- **Task item**
Retype exactly the lines below, beginning with the first and ending with the line where "Collier féminin avec pendentif D167" appears.

═══

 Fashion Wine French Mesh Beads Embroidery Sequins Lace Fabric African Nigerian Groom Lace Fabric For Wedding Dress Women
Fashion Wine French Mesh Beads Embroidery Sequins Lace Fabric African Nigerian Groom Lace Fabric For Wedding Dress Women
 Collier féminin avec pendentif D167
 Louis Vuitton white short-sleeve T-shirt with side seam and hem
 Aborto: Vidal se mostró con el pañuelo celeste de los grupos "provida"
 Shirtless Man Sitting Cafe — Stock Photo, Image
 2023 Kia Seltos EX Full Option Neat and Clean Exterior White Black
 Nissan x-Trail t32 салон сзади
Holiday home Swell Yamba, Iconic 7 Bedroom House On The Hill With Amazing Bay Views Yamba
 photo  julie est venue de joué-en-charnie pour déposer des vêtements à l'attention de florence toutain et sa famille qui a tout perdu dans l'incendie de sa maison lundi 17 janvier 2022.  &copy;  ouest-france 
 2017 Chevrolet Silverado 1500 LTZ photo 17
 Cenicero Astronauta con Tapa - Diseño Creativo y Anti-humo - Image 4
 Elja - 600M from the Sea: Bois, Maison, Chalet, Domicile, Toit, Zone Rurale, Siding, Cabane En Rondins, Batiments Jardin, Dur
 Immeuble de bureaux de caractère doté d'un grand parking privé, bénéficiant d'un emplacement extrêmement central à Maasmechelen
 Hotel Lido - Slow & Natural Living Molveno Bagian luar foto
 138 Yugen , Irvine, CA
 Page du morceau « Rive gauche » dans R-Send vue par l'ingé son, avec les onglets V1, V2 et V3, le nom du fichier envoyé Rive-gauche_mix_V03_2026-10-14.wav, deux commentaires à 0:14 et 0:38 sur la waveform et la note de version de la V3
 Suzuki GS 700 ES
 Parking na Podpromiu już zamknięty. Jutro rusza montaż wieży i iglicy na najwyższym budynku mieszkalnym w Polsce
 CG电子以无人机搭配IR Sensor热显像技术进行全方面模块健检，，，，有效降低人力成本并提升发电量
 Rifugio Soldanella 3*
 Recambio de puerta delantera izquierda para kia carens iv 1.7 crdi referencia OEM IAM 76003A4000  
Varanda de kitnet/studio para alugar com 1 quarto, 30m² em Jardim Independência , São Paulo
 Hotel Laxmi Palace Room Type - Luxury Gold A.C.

═══

- **Final answer**
 Fashion Wine French Mesh Beads Embroidery Sequins Lace Fabric African Nigerian Groom Lace Fabric For Wedding Dress Women
Fashion Wine French Mesh Beads Embroidery Sequins Lace Fabric African Nigerian Groom Lace Fabric For Wedding Dress Women
 Collier féminin avec pendentif D167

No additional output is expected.